In my early real estate days, I’d walk through a house for sale and point out all the defects to the seller (as if he didn’t already know about them). We’d then engage in a sort of tango where I’d say, “It’s a big problem that’ll cost $5,000 to fix.” And he’d say, “No, I’ve got a guy who can do it for 300 bucks,” or something equally ridiculous.

If the house had lots of problems, we’d end up with big differences as to what it would take to get the house fixed up and, as a result, it always looked like I was trying to “low-ball” the seller with an offer that was much less than fair. Actually, all I was trying to do was get a fair discount for the work needed to be completed before the house could be sold.

Sellers seem to think the repairs can get done for next to nothing, and their idea of “fixed up” often isn’t much to go on if they’ve been renting out wrecks for decades. I know those repairs will have to be done properly, and to make money on this thing I’ll have to get full credit for whatever fix-up work I undertake.

Frankly, too many new investors underestimate the amount of work, time, and money it takes to fix up houses, and they often end up doing all the rehab…only to hope like crazy they can sell for a price that’ll allow them to at least break even.

My “Contractor Factor” technique

I needed a solution to this repair/credit dilemma! I didn’t want to appear to be constantly “nit-picking” the seller about everything wrong with the property (I can’t take those guys), but I did need a way to make sure I got a price that ultimately made sense and allowed me to make money doing the needed repairs.

Eventually, I ended up with the “Contract Factor” technique, my solution to this tricky little problem.Now, whenever I’m looking at a property to buy where there’s any fix-up work anticipated, I’ll show up with my contractor for that first walk through with the seller. My contractor has been fixing up houses for years, and he’s got a better idea of what can go wrong with a house than I do.

Whenever he’s along, he knows his job is to be on the look out for things that don’t look just right. During that walk-through inspection, the contractor does all the note taking for me so I don’t even have to juggle a clipboard. The whole time the seller and I are looking the property over, my handyman is knocking and jiggling and stomping on everything in that darn house that might be trouble.

When we’re through, I discuss the place with the seller and my contractor steps off to the side for a minute and calculates exactly what it’ll take for us to bring the property into first class condition.
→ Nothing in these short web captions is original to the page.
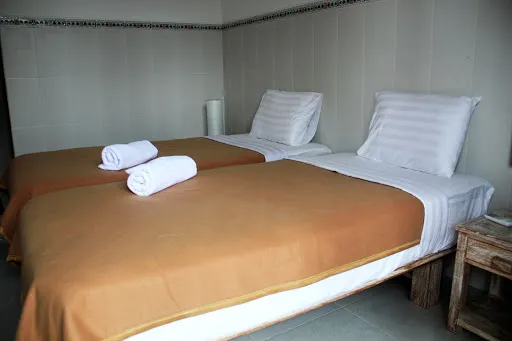 Sanata Yoga Guesthouse 1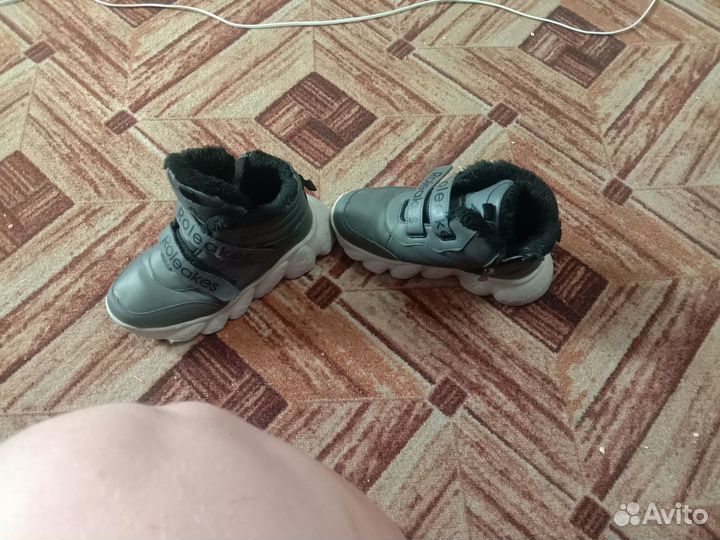 Продам зимний костюм на мальчика рост 134-140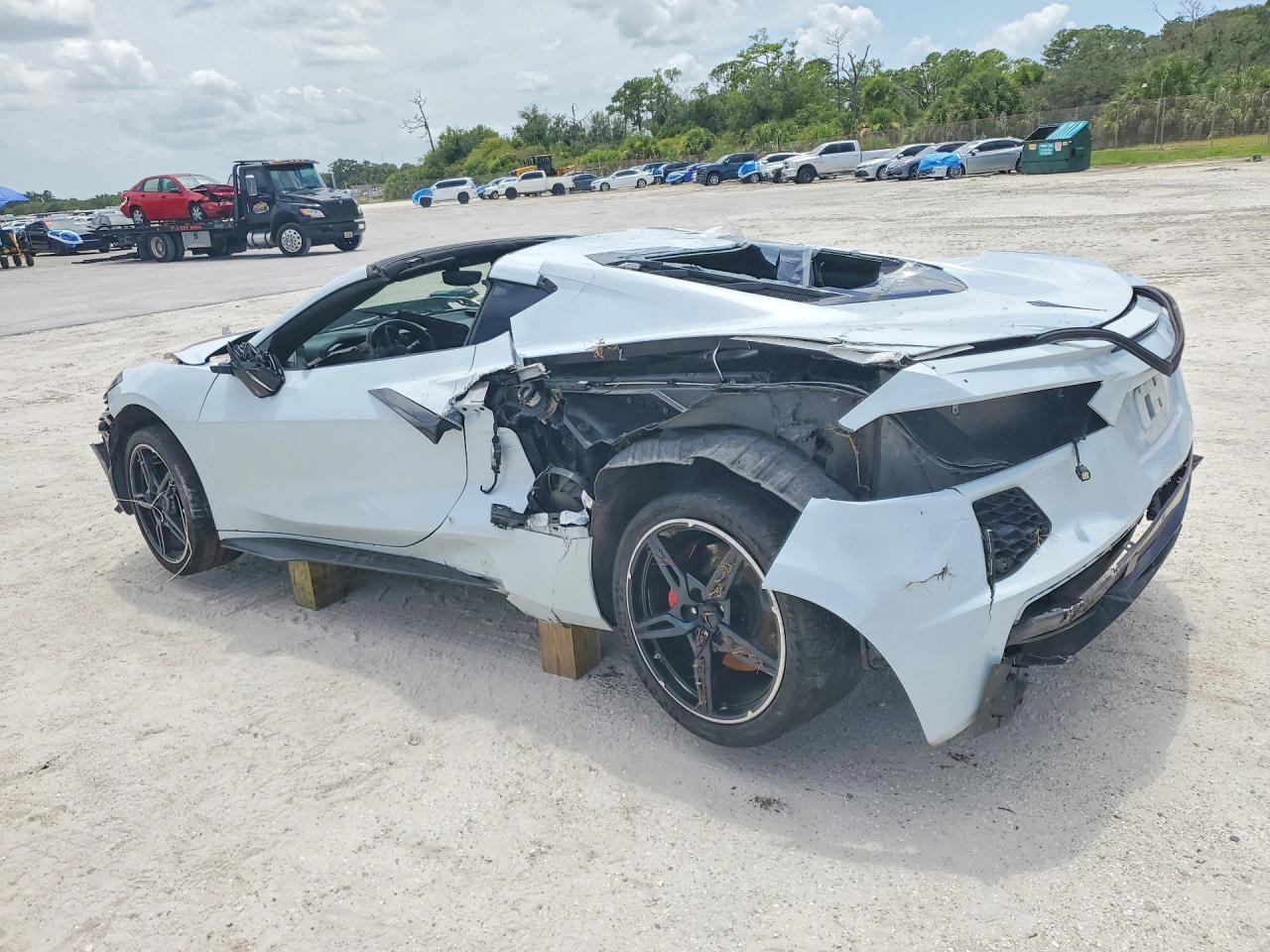 2021 CHEVROLET CORVETTE STINGRAY 2LT — снимка 2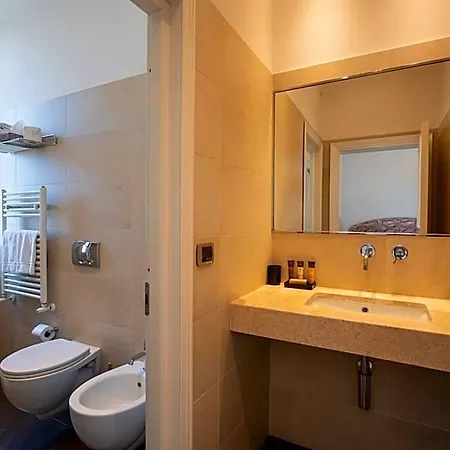 La Hotel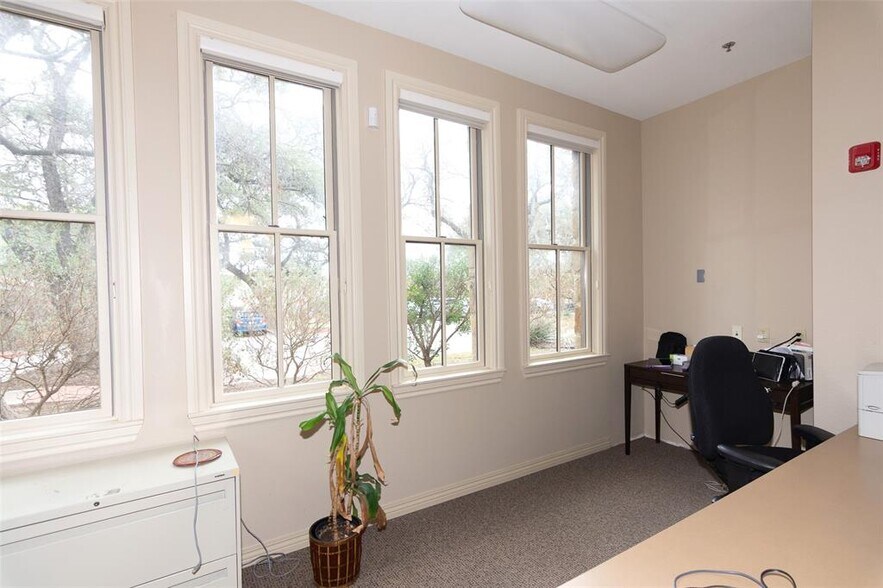 More Photos Of 5900 Southwest Pky, Austin Medical For Lease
When he’s done figuring, he taps me on the shoulder and hands me the “bad news.”

Ouch!You see, he wasn’t just taking notes on a legal pad or some scratch paper. Heck no. I have him write up a real bid on his official proposal forms. And when he’s through, he adds it all up, adds on the sales tax and hands me a bill. More often than not that’s a number that darn near knocks me off my feet.

I get to be the “good guy”

Now, here’s the cool part….when it’s my contractor pointing out the problems to me (and not me pointing them out to the seller), I don’t have that “in your face” conflict with the seller at all anymore, and we no longer have to do the little tango. The repair work still gets brought out into the open, and it’s still obvious to the seller and me what needs to be done.

But now it’s not me beating the seller over the head with the costs. Instead of us arguing over how much it’ll take to fix the broken door frame, it’s now down right there in black and white, just like all the other items we’ll need to factor in when it comes time for finalizing a price.

How’s the seller going to argue with that? He ain’t!If I have to nit-pick the seller over each and every item, and if we have to go back and forth as to who’s opinion of the repair costs is more accurate, there’s just no way I can create a good atmosphere in which to deal.

But if I’ve got a bid on the repairs from a licensed contractor who knows his stuff, who am I or who is the seller to argue about what it’s going to take to get the thing fixed? And if the seller has a problem with the bid, well, it’s a problem with the contractor and not with me.

When we’re all wrapped up and the contractor has left and it’s just me and the seller talking turkey, he’ll occasionally say something like “Man, Joe, you really need to get another contractor…that guy’s ripping you off.”

I just get to give him my best, wide eyed “your kidding!” response and know my standing deal with my handyman is I pay half of whatever the contractor’s bid says, and he eats the sales tax. The “contractor” bids and the “handyman” actually does the work.

Try out my “Contractor Factor” technique. You’ll be amazed. Just last week I did one where my contractor didn’t make the meeting, and the seller walked him through on his own a couple days later. The result? The seller agreed to knock $7,000 off the price once that bid got tallied up and equaled more than 15% of the sales price. Not bad!